Zazen et quotidien
Le passage de la pratique méditative au quotidien peut s'avérer délicat si les indications « ne rien faire » et « pas de but » sont prises à la lettre, écartant de ce fait le principe essentiel : zazen est une action,mais une action qui consiste à ne plus faire quelque chose à partir de la volonté, d'une attitude crispée ou d'un jugement sur soi-même, donc à partir d'un centre fait de résistances et de défenses psychologiques non résolues, mais à partir d'un espace libéré de toute attente et dont l'origine est le corps.
Il est vrai, notre vie est faite de projets, d'agendas et d'obligations à tenir et la pratique méditative semble, pour certains, incompatible avec les exigences du quotidien.

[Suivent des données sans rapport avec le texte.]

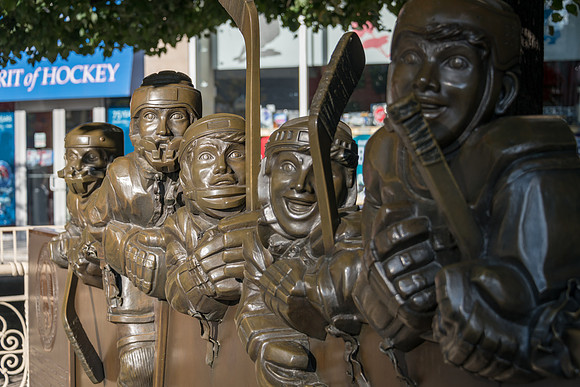 Hockey Hall of Fame Statue -3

L'assise en silence est un moment propice pour changer de paradigme quant à la manière d'envisager l'action et la laisser devenir son propre but, son sujet propre. Dürckheim tient un propos explicite à ce sujet : « Tant que le non-but lui-même n'est pas présent dans le but, nous ne pouvons pas aller en tenant le fil d'or qui nous relie à l'Être essentiel ». Quel est cet exercice auquel il nous engage et qui consiste à laisser « ne rien faire » résider dans le faire ?
Le désœuvrement réalisé pendant l'assise ne se suffit pas à lui-même, il doit reposer dans une absence totale d'intention, tout en conservant une énergique implication à se sentir concerné par l'abandon de tout soi-même à une force agissante. Le « ne rien faire » sans cette forme d'implication ne porte pas ses fruits.
La spécificité des exercices préconisés sur la voie tracée par Dürckheim et qui accompagne le chemin initiatique réside dans la répétition. Par leurs techniques du corps inlassablement renouvelées, les automatismes semblent relever d'une intentionnalité corporelle. Lorsque celle-ci est saisie, explorée, vécue sensoriellement, le sans effort devient une évidence, comme un jaillissement de l'être dans lequel les questions du quoi, pour qui, quand, n'ont plus leur place. La répétition devient un mode d'ouverture de tout soi-même au « ne rien faire » dans le « faire ». Se dévoile ainsi un nouvel usage du corps : nous passons du corps « moyen », « outil », au corps en tant que siège d'un événement. S'offre alors cette possibilité de se sentir totalement concerné, partie prenante, d'une activité que l'on ne fait pas, mais qui se fait.
L'action repose en elle-même dans toute sa plénitude, nous pouvons de ce fait nous reposer entièrement en elle, nous laisser porter par elle, pour enfin pratiquer sans l'intention de le faire, jusqu'à ce que zazen ne soit plus zazen.
Effectivement, le nouvel usage du corps, qui nous est proposé sur le chemin initiatique, davantage encore que le monde de la pensée, abolit celui de la représentation, ce processus par lequel l'humain, mis en face de la nature, traduit en son esprit ce qu'il perçoit ; le fait devient une idée fixée sur une image, si bien que la représentation prend le pied sur le réel. Il se pourrait bien, alors, qu'étant sans rien faire face au mur, nous ne soyons que dans l'idée de ne rien faire.
L'intentionnalité corporelle désagrège ce processus qui tend à vouloir faire coïncider le zazen avec l'idée que l'on en a.
Selon les indications de Dürckheim, nous devons nous en tenir à la répétition de gestes primordiaux afin de ne pas nous perdre dans une vacuité factice qui ressemblerait à une absence et nous engager activement dans ce qui s'organise de soi-même.
Il y a une force agissante à laquelle nous pouvons nous confier, là se trouve ce « fil d'or » dont parle Dürckheim et qui nous relie à notre vraie nature dans chaque action du quotidien (le « sans but » dans le « but »), si bien que zazen et quotidien deviennent une seule et même chose.
Il devient possible d'introduire le goût de cette force dans tout moment de notre vie, dans la gestion de nos agendas bien remplis et des nombreux mails qui déferlent sur l'écran de notre ordinateur.
Le « fil d'or » est toujours là, qui nous relie à l'essentiel.